Another drag on business travel: The Miami Beach Convention Center was partially closed for renovations last year, and is 39 days behind schedule for a partial reopening originally scheduled for May. The complete renovation is set to be completed in the summer of 2018.

The bureau’s 2016 survey also highlighted, for the first time, the growing threat to area hotels of private short-term rentals, a subject that has been at the heart of a heated debate over the past six months in Miami-Dade. Nearly 4 percent of all travelers stayed at a vacation rental in 2016, with almost 72 percent of those visitors using a peer-to-peer website such as Airbnb and HomeAway to book a stay.
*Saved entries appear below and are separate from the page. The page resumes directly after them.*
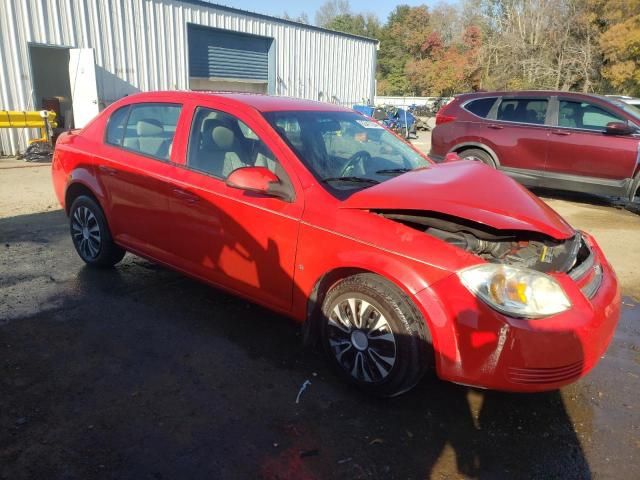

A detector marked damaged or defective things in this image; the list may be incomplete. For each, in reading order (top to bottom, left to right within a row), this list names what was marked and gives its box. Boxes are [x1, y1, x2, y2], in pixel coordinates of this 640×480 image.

damaged front hood [342, 161, 572, 240]
broken headlight [458, 262, 572, 318] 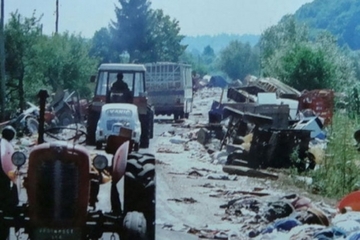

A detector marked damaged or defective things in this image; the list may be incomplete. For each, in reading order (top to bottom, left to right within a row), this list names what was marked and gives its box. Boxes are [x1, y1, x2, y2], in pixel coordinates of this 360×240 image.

overturned vehicle [0, 90, 155, 240] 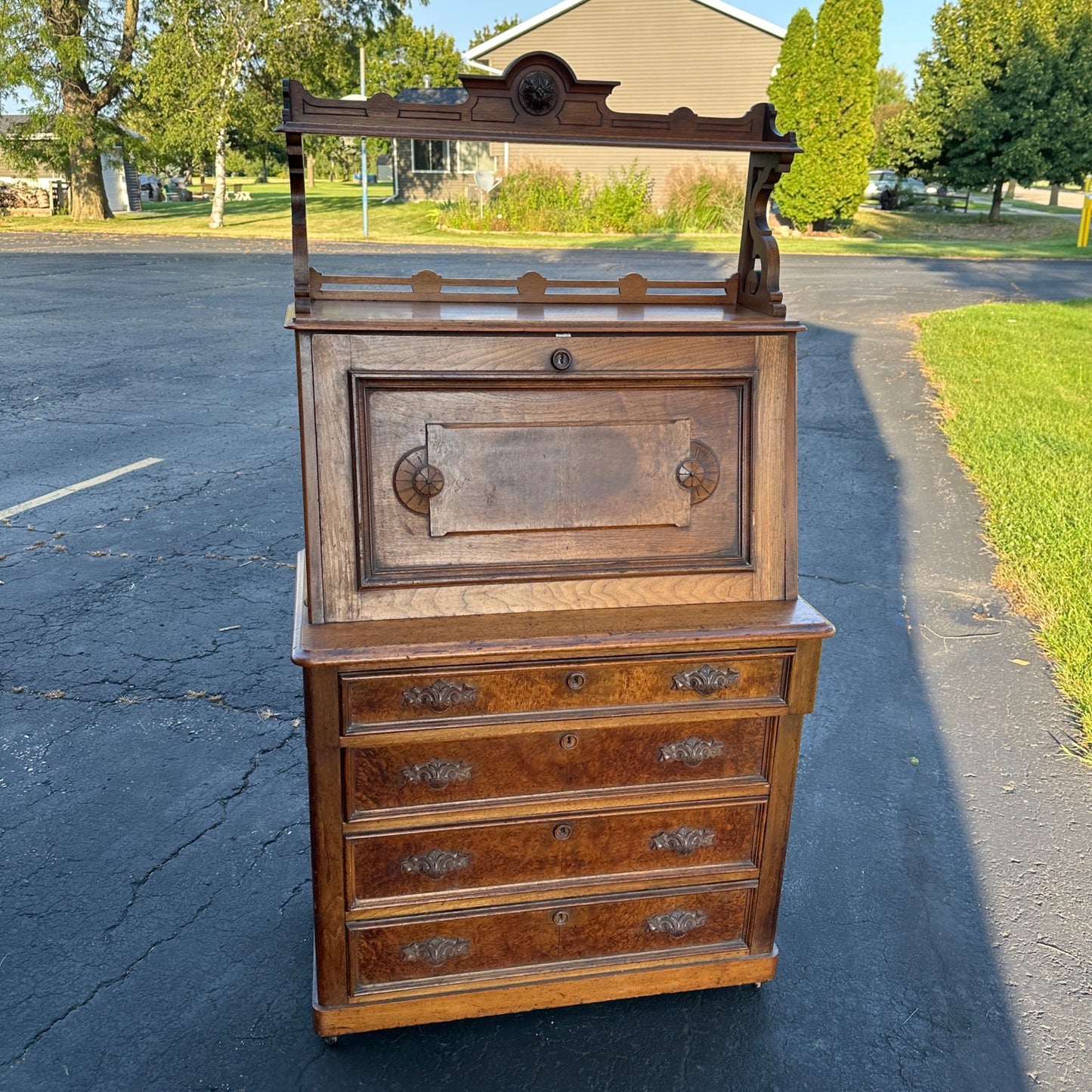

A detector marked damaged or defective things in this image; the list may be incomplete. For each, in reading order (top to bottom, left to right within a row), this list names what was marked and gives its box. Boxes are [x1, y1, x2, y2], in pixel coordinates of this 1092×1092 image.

cracked asphalt [0, 239, 1087, 1092]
Overall, 2.1 percent of the 15.7 million 2016 visitors stayed at an Airbnb rental in Miami-Dade, or about 331,000 people. That’s compared to 64.9 percent of travelers who stayed in hotels or motels.

2016 was a challenging year in Greater Miami for the hotel industry with increased room inventory, declines from two of our largest international market, and the Miami Beach Convention Center being off line.

Greater Miami and the Beaches 2016 Visitor Industry Overview

Hotels felt the brunt of the challenges in 2016, the bureau said in its report. “2016 was a challenging year in Greater Miami for the hotel industry with increased room inventory, declines from two of our largest international markets, and the Miami Beach Convention Center being off line.” The number of hotel rooms grew by 4.5 percent compared to December 2015 for a total of 54,468 rooms — which seriously impacted hotel performance, the bureau said.

Hotels finished the year with an occupancy rate of 75.1 percent, meaning hotels were 2.7 percent less full than in 2015. Hotel rates were down by about 3 percent overall in 2016, at an average daily rate of $189.77. As a result, revenue per available room dipped 5.5 percent.

Still, overall room nights sold grew by 1.4 percent over 2015. Miami-Dade ranked seventh in the nation for hotel room occupancy, fourth for revenue per available room and has the fifth-highest room rates in the U.S, behind New York, San Francisco, Oahu Island and Boston.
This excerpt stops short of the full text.